The issue was escalated upstream to Microsoft on November 6, 2007. As of today, Microsoft has confirmed that they can reproduce the problem; but they’re telling HP that they will not commit to a specific date by which the problem will be fixed. Microsoft suggests that we work around the problem by using the “sync” mount option for our NFS clients. Yes, that works, but imposes a non-trivial performance penalty, which can be a real problem for the intended use of this server: lots of grad students crunching numbers and spooling data sets to disk for analysis.

I’ve spent much of the last 24 hours in meetings with my coworkers and on conference calls with our VAR, HP’s escalation support manager, the level 3 HP engineer who owns this issue, HP pre-sales engineers, and HP product engineers trying to figure out how Hewlett Packard can resolve this situation for us. It’s clear they sold us something that doesn’t do what we all thought it would – and should – do. I’m relieved that HP is involved to this level to make things right. It’s a shame, though, that the real problem can’t be fixed upstream and pushed out to us. Instead, we’re looking at a complete overhaul of our storage solution, and a substantial new investment of time and energy.

We have two options on the table: an HP MSA or EVA series SAN with clustered GNU/Linux servers running Polyserve clustered file system for “Enterprise File System Clustered Gateway”, or one of the SAN backends with two independent servers running Windows and GNU/Linux for CIFS and NFS shares, respectively. The former option preserves our unified home directory configuration, while the latter unambiguously connects the server operating system with the same client system.

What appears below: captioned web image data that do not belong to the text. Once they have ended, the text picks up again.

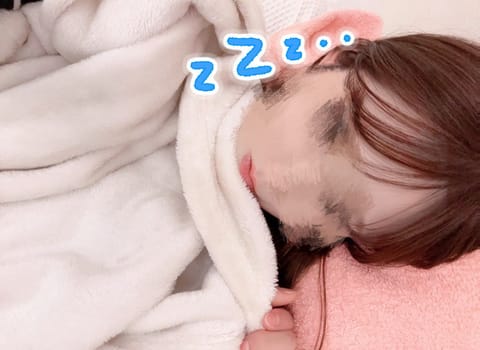 実は不眠症です。。
いっぱい寝たいなあ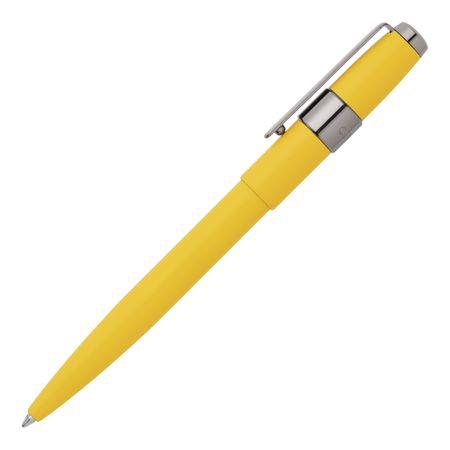 Długopis Block Yellow-2983636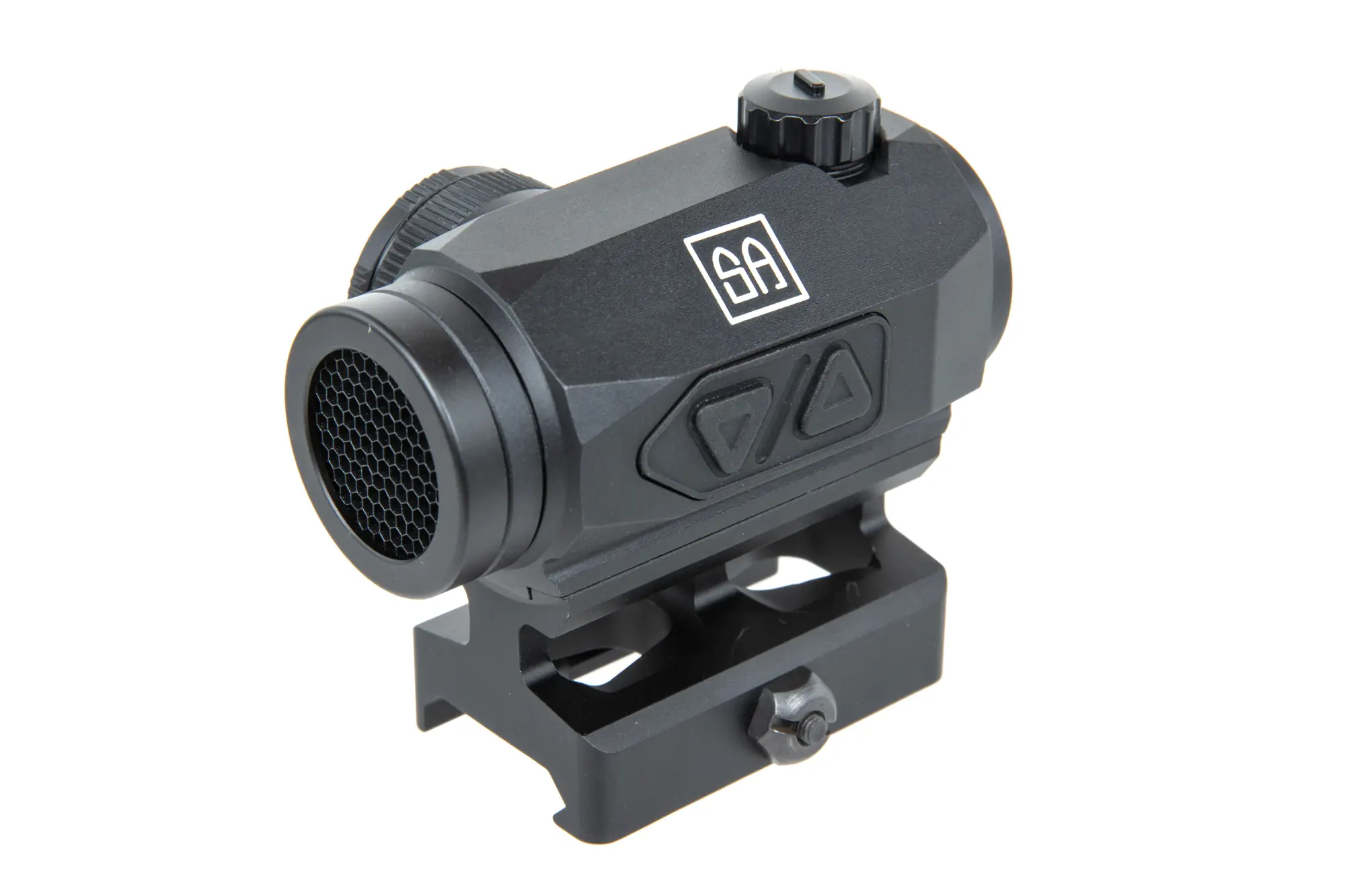 Specna Arms EDGE™ HP red dot sight with QD mount Black - immagine 3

The drawback to the separate server solution, though, is that users would have two separate home directories, and double the quota we had originally intended to give them (we’re ruling out the notion that GNU/Linux users split their quota capacity between servers, or that only folks who ask for it get a Linux account, or other such management nightmares). We don’t yet have final pricing on either option, because we’re looking at a buy-back situation for our current hardware, plus hopefully some modest discount to make up for the time and energy we’ve spent fighting this problem for so long. Price may well be the deciding factor.

What would you do, if you had to support 1,000+ students and about 100 faculty and staff?